На следующий день после работы, под вечер, когда спала жара, мы сошлись с Жирафом у реки и уселись на крутом, иссушенном солнцем берегу.
— Я слыхал, что ты проводил своих подружек сегодня утром, Боб, — сказал я и пожалел о своих словах прежде, чем он успел ответить.
— Вовсе они мне не подружки, — сказал он. — Четыре несчастных женщины, и все тут. Я подумал, что не очень-то им будет приятно стоять и ждать в толпе на платформе. Вот я и предложил купить им билеты и сказал, чтобы они ждали за вокзалом. И как ты думаешь, что им взбрело в голову, Гарри? — продолжал он с самой дурацкой усмешкой. — Они хотели поцеловать меня.
— Да неужели?
— Да. Они бы и поцеловали, не будь я таким долговязым. Будь я проклят, если они не принялись целовать мне руки.
— Да что ты говоришь?
— Ей-богу! А после этого мне почему-то вдруг не захотелось выйти с ними на платформу. К тому же они плакали, а я видеть не могу, когда женщины плачут. Но ребята усадили их в пустой вагон.
Он приумолк, потом задумчиво произнес:
— Чертовски добрые есть люди на свете.
Я тоже так думал.
— Боб, — сказал я, — вот ты холостяк. Почему бы тебе не жениться, не обзавестись семьей?
— Что правда, то правда, жены у меня нет и ребятишек нет, — отозвался он, — но это не моя вина.

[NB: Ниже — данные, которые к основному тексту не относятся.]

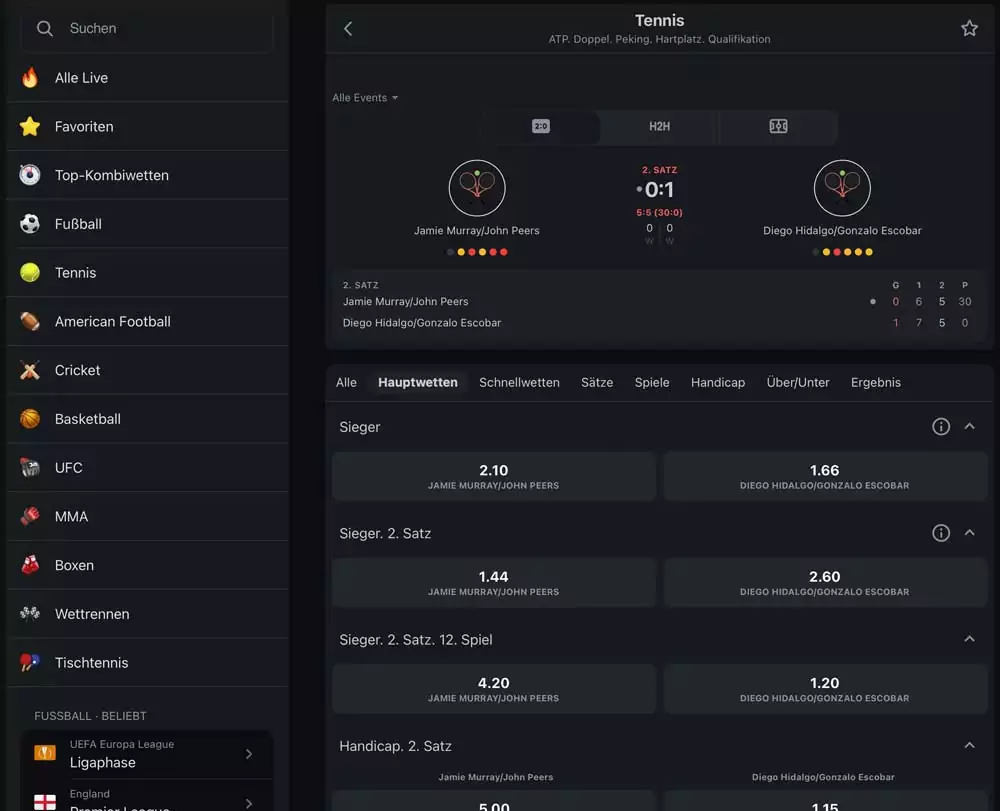 Betswap Live Sportwetten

Может быть, он и прав был, говоря, что жены у него нет не по его вине. Но я вспомнил о том, какой взгляд подарила ему Элис, и…
— Я как будто и нравлюсь девушкам, — сказал он, — но дальше этого дело не идет. Беда в том, что я такой долговязый, а меня все почему-то тянет к маленьким девушкам. Вот, например, в Бендиго была одна девчоночка, которая мне не на шутку приглянулась.